Facebook, Twitter and Google must use their antisemite profiling technology to expel bigots instead of selling ads
Following the discovery that Facebook’s advertising algorithm offered advertisers the opportunity to target categories of users whose views were summarised as “Jew hater”, “How to burn Jews”, or “History of ‘why Jews ruin the world’”, it has now emerged that Twitter and Google also provide an means of targeting antisemites on their platforms.
Twitter has now been found offering a means of targeting almost 19 million users who might be particularly interested in hearing about a “Nazi” offering, and Google has been exposed for suggesting “good quality” keywords to antisemitic advertisers such as “the evil Jew”, “Jewish parasite”, “Jews control the media” and “Jewish control of banks”.

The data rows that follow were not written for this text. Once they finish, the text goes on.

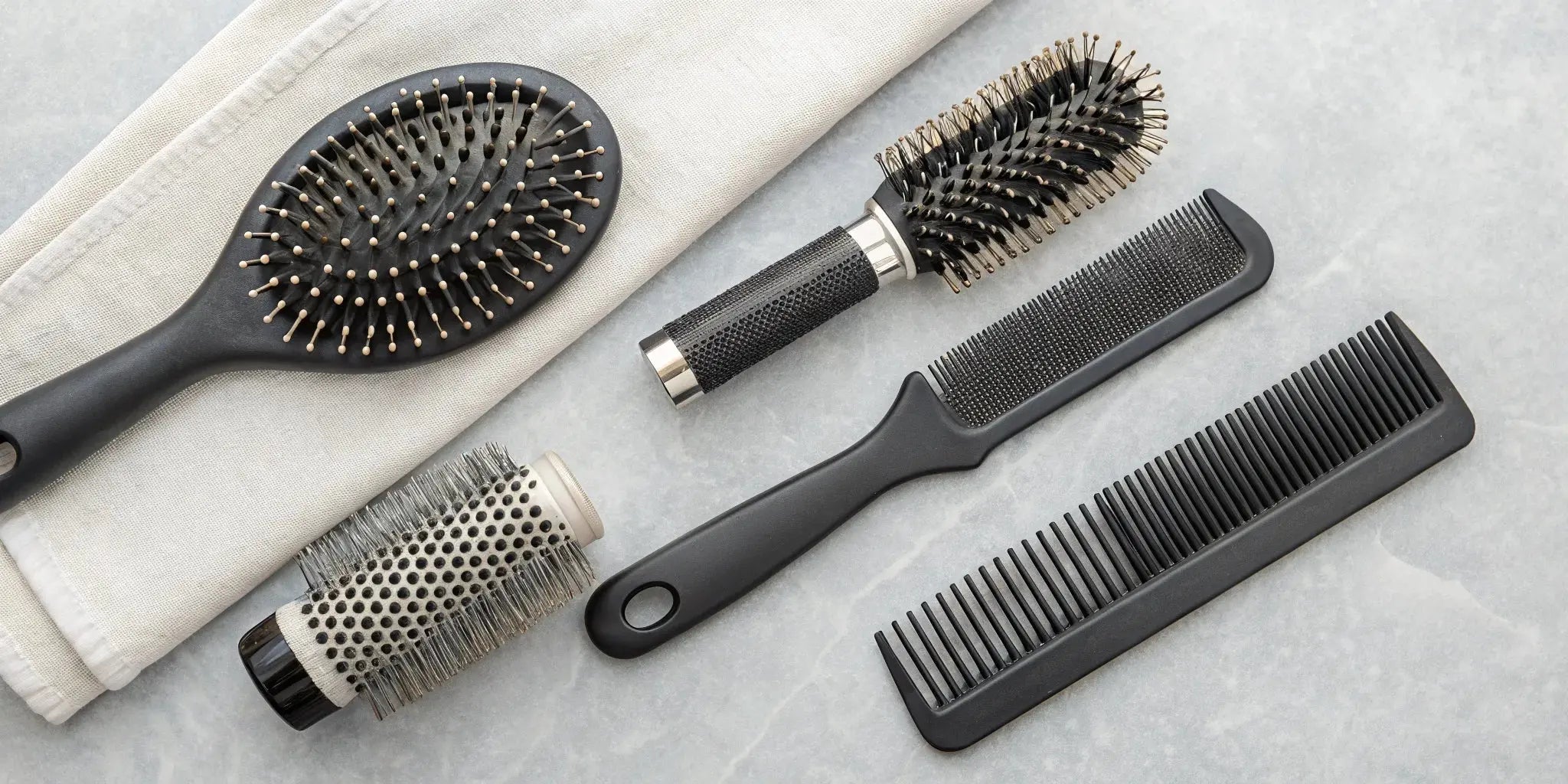 A variety of hair brushes for different hair types and styling goals.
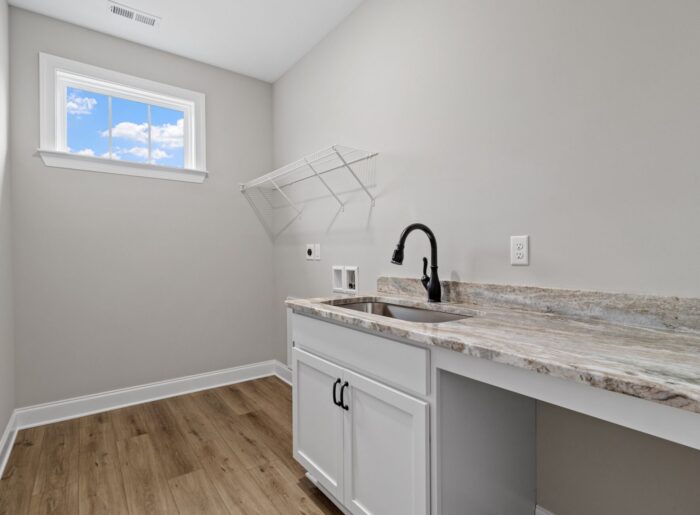 Spacious laundry room in new Pratt home for sale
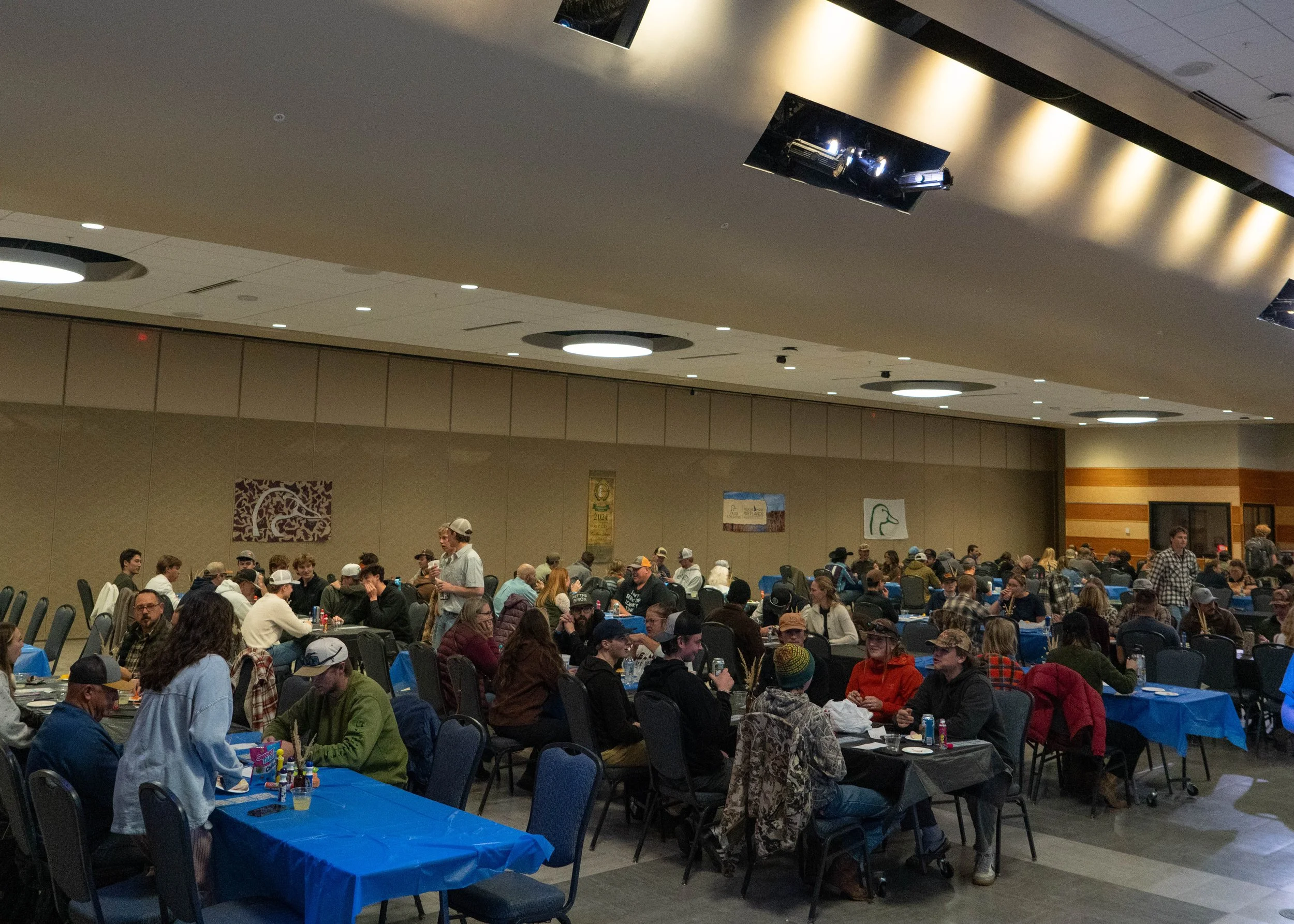A large indoor gathering with many people sitting at tables with blue tablecloths, some wearing hats, in a conference or event hall.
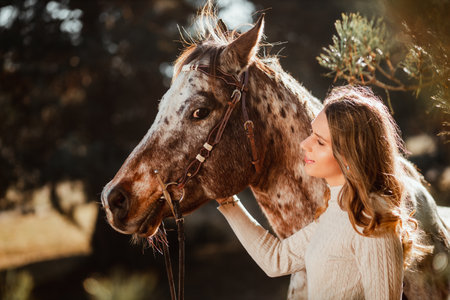 Beautiful young girl posing with her horse in the nature. Sunny autumn day.の写真素材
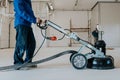 Construction worker using machine polishing surface floor smoothing and finishing hardener or epoxy concrete in the factory Royalty Free Stock Photo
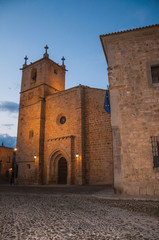 Fototapeta na wymiar Cobblestone street with church and gothic buildings at dusk in Caceres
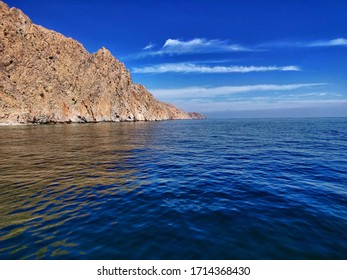 Oman, Sea View Of Limestone Hill,clear Sky,clear Water.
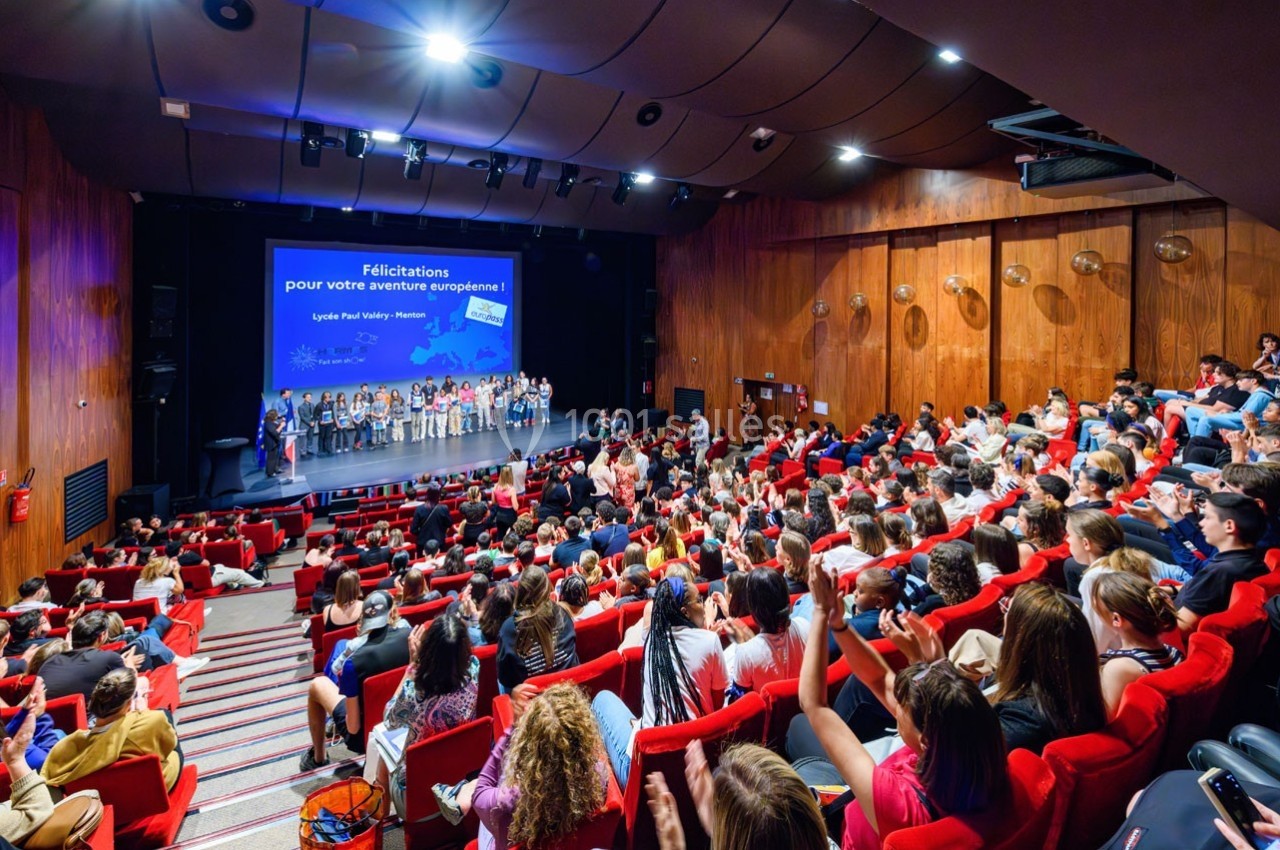 Salle comble avec des spectateurs assis face à une scène où des personnes sont réunies devant un écran de projection.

It comes as no surprise whatsoever that these titans of social networking and search can identify antisemites easily: their businesses are driven by their ability to reach huge numbers of people, and profile those people precisely enough to allow advertisers to target specific groups according to their interests.

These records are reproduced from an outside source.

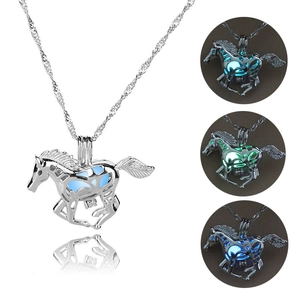 Luminous galloping horse necklace pendant glowing in blue and green in dark environments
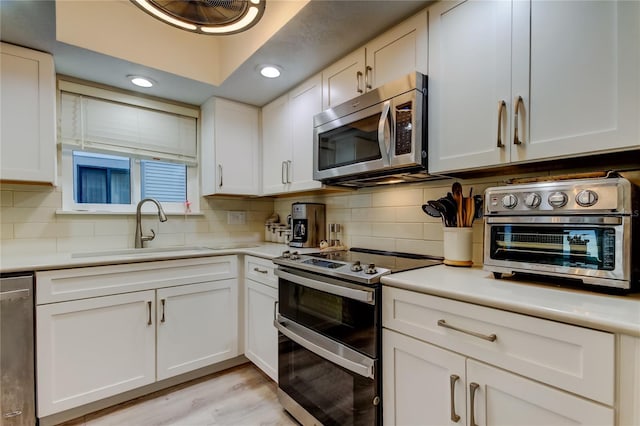 9484 Tara Cay Ct Unit 8, Seminole, FL 33776 - kitchen with appliances with stainless steel finishes, a sink, backsplash, light countertops, and recessed lighting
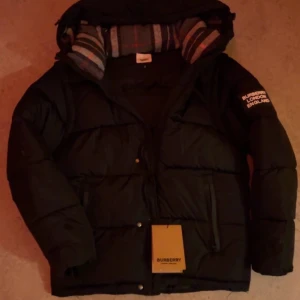 Svart pufferjacka från Burberry - Svart pufferjacka från Burberry helt ny, kan byta med en canada gosse bor i Stockholm 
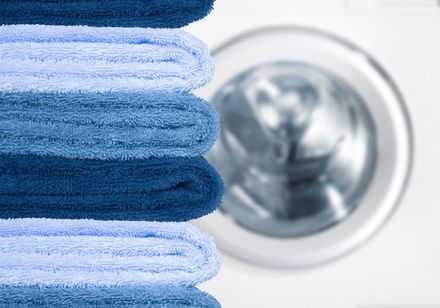 Pile of clean towels with washing machine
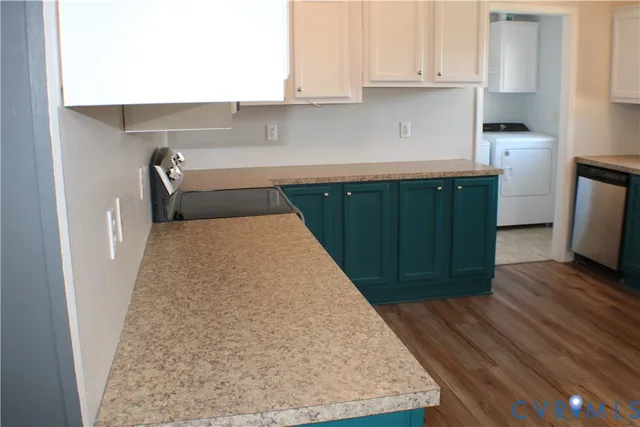 a kitchen with a refrigerator and a sink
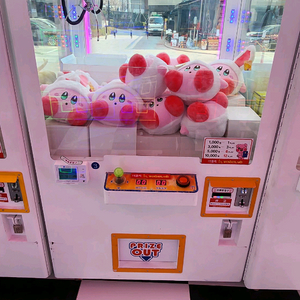 인형 뽑기 기계 이미지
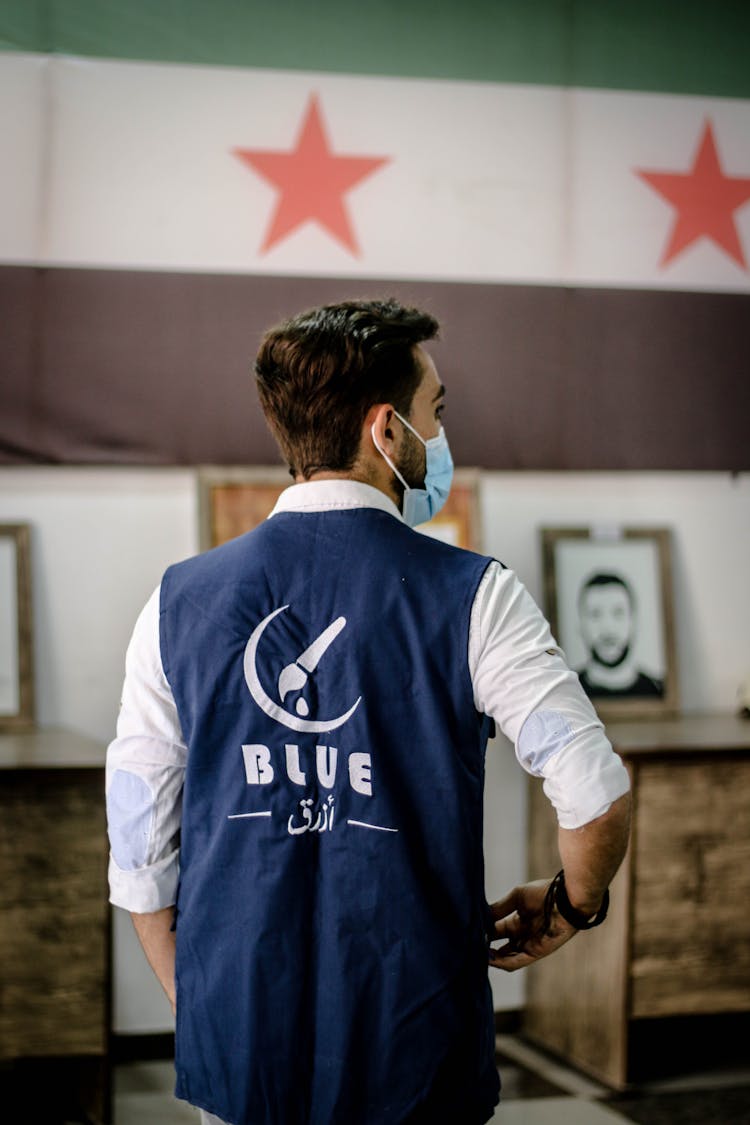 Back View Of A Man Wearing A Blue Vest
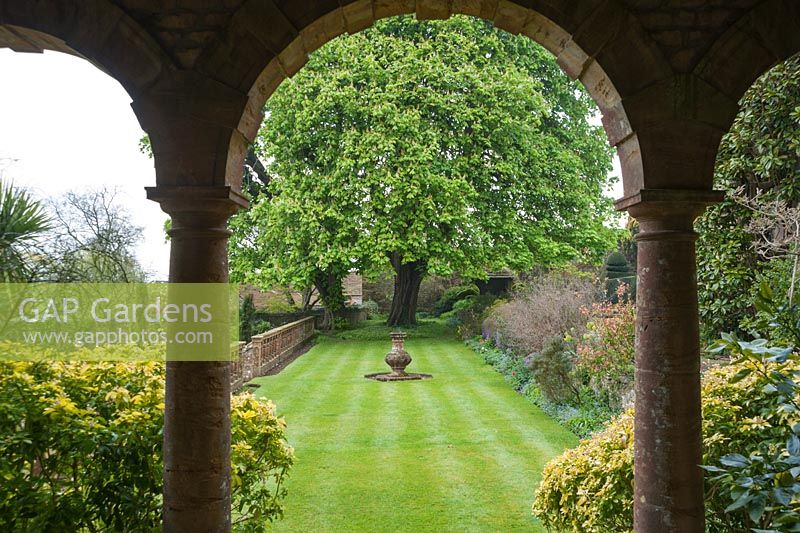 View towards magnificent horse chestnut at the end of a grassy terrace with sundial, seen framed by the arches of the Italianate loggia. Wayford Manor, Wayford, Crewkerne, Somerset, UK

Now we know Facebook, Twitter, Google and no doubt many others, have developed algorithms so advanced that they even manage to identify antisemites by accident. This shows how easy it is to find Facebook, Twitter and YouTube users who hate Jews. Many antisemites on these platforms make no effort at all to conceal or disguise their hatred, brazenly sharing neo-Nazi, far-left or Islamist antisemitic material. What is so shameful is not that these antisemites exist, but that Facebook, Twitter and Google evidently can identify them and chooses not to expel them from their social networking platform.

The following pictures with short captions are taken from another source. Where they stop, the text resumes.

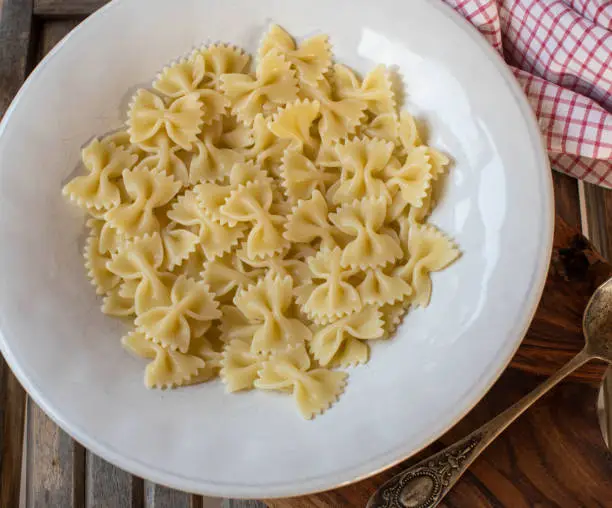 Fresh cooked bowtie noodles or farfalle on a pasta plate on wooden table background from above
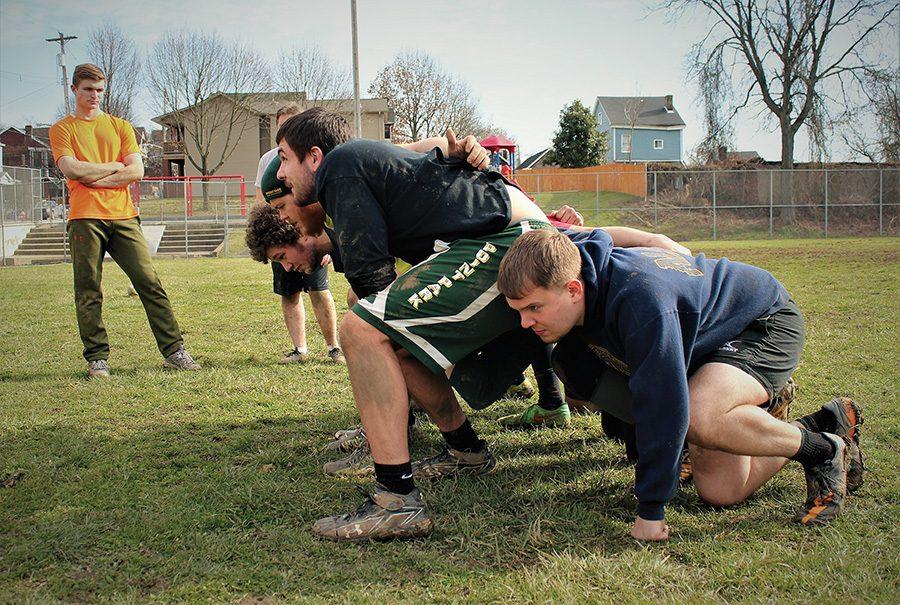 Members of the rugby team practice the formation of a scrum during their conditioning at Dan Marino Field.

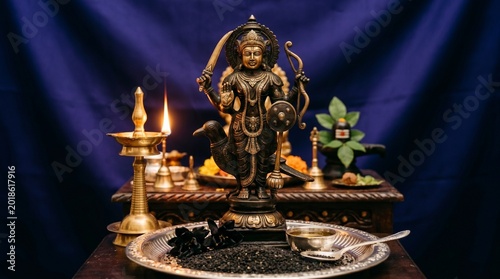 Intricate Bronze Statue of Lord Shani Dev Standing Against a Deep Indigo Silk Background, Representation of Shani Pradosh Vrat Rituals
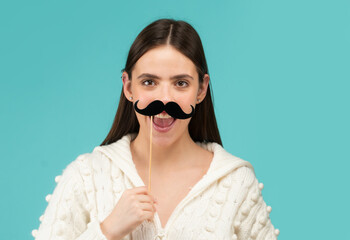 Girl, moustache and happy with prop. Comic woman portrait. Funny face with moustache on stick. Funny woman holding paper moustache party stick. Girl holding funny mustache.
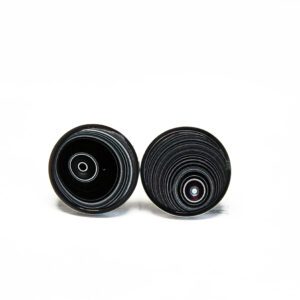 Two black circular objects on white background.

Perhaps even more outrageous is that these companies will have been collecting money from advertisers seeking to target antisemites, perhaps to invite them to Jew-hatred rallies or to share antisemitic conspiracy myths with them. Despite apologising when caught out, none of these companies have revealed how much money they made, or what will be done with the proceeds.
The reasons that these companies are so tolerant of antisemites might be related. These online titans are funded by the advertising they sell, which depends on continued growth in the number of their users, and the ability to reliably target all of those users according to their interests. Using their advanced antisemite-targeting algorithms to excise antisemites, extremists and other undesirable people from their social networking platforms could start to slightly dent the growth in the number of their users, which is a key metric of the companies’ success and their attractiveness as advertising platforms.
Now we have confirmation that internet giants are sitting on technology for targeting antisemitic users, but they are using it to sell ads instead of expelling the bigots. That is the real scandal here.